3.2. Comprehensive Evaluation Is Conducive to the Selection of Superior Germplasm

Principal component analysis (PCA) offers high credibility and objective evaluation and is widely used in the evaluation analysis and comprehensive assessment of germplasm resources across various crops [49,50,51]. Furthermore, traits display complex interrelationships and constraints, leading to intricate relationships among them. Individual indicators alone cannot provide a complete and accurate evaluation; however, PCA addresses the issue of missing data by effectively reducing multiple variables to key factors [52]. Consequently, employing multivariate statistical methods to assess and screen composite indicators becomes particularly crucial. In this study, 14 phenotypic traits were condensed into three principal components: ear position factor, leaf width factor, and effective spike, achieving a cumulative contribution rate of 65.57%. This rate suggests that these components represent 65.57% of the variability in the 14 phenotypic traits across the 192 maize accessions. Consequently, this study selected ear height, ear position coefficient, leaf width at ear level, leaf width of upper leaves near the ear, and effective number of ears per plant as the core indices for evaluating maize phenotypic traits.
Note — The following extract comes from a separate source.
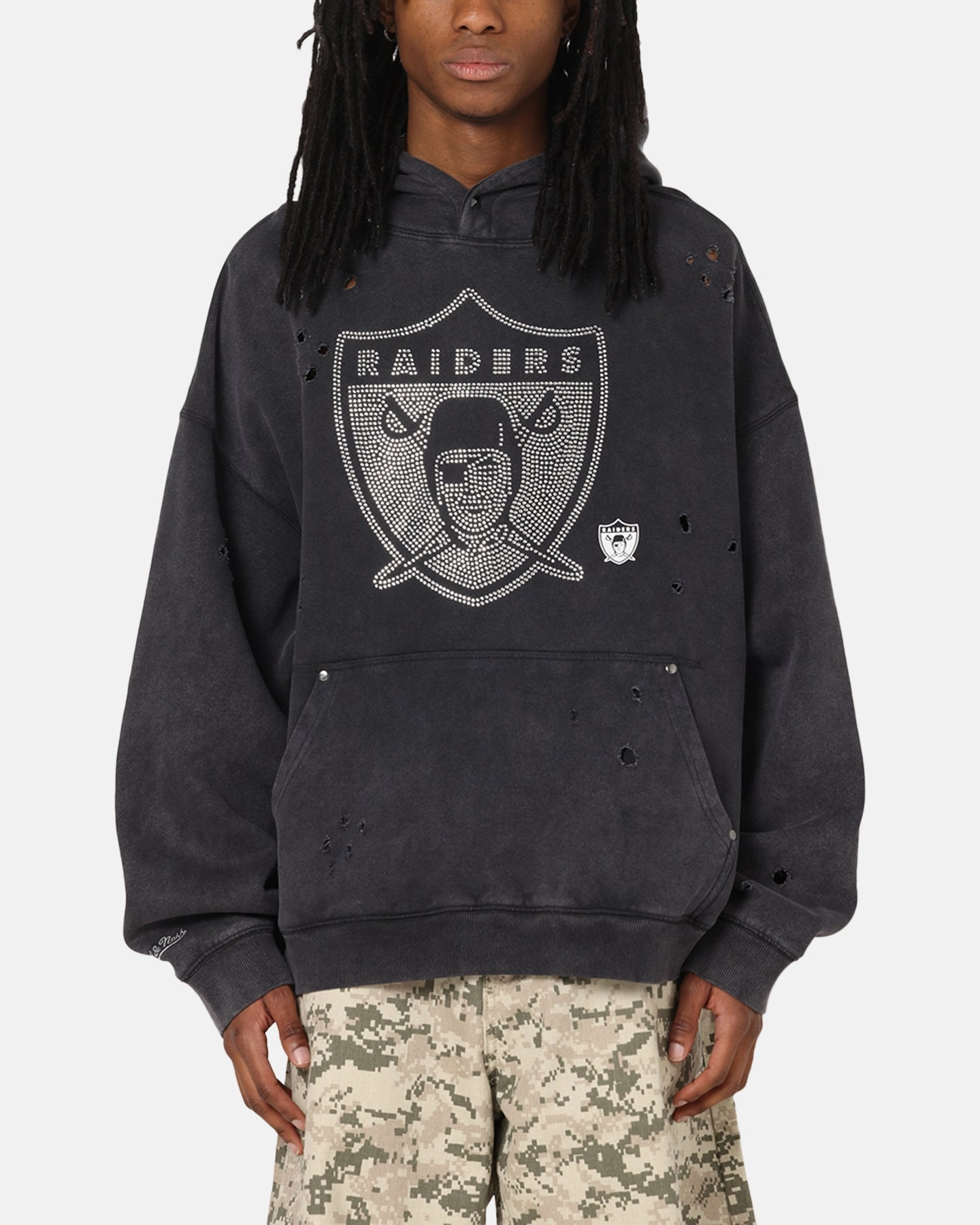 Mitchell & Ness Las Vegas Raiders Distressed Rhinestone Logo Hoodie Faded Black Faux Fur Trim Reinforced Elbows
3.3. Selection of Accessions Lays the Foundation for Selection

In this study, 192 samples were categorized into three primary clusters through cluster analysis. Group III exhibited superior performance, ranking first among the three groups, making it the most favourable option for cultivation in the Aral region of Xinjiang and areas with similar climates. The phenotypes were characterized by taller plant height, broader leaves, thicker stalks, higher chlorophyll content, more effective spikes, increased thousand grain weight, and yield advantages. Leaves, stalks, and ears are crucial components contributing to the biological yield of silage maize [53]. Silage maize typically features tall, compact plants with wide leaves and substantial biomass [54]. Thus, it serves as a fundamental resource for selecting fodder varieties and as an excellent progenitor for material innovation and cross-breeding [55,56]. Group II, which ranked last in phenotypic trait performance, exhibited the largest coefficients of variation across all traits. It displayed the shortest plant and spike heights and the widest stem–leaf angle among the groups. This group could be beneficial in combination with materials characterized by excessive plant height, spike height, and narrow stem–leaf angles, to achieve an optimal plant type [57,58]. Such adjustments could lay the groundwork for plant type improvement and, due to its low spike position, foster the development of varieties with enhanced lodging resistance in conjunction with better-performing materials [56]. Group I, positioned second in overall performance, is also well suited for cultivation in the Aral region of Xinjiang and similar climates, offering substantial potential for agricultural exploitation. The uniformity in trait performance renders these samples solid foundational materials for variety selection [59,60]. The significant genetic variations observed among different taxa can enrich a variety of improvement processes. Consequently, the outcomes of this grouping can provide a reference and selection basis to meet diverse breeding objectives.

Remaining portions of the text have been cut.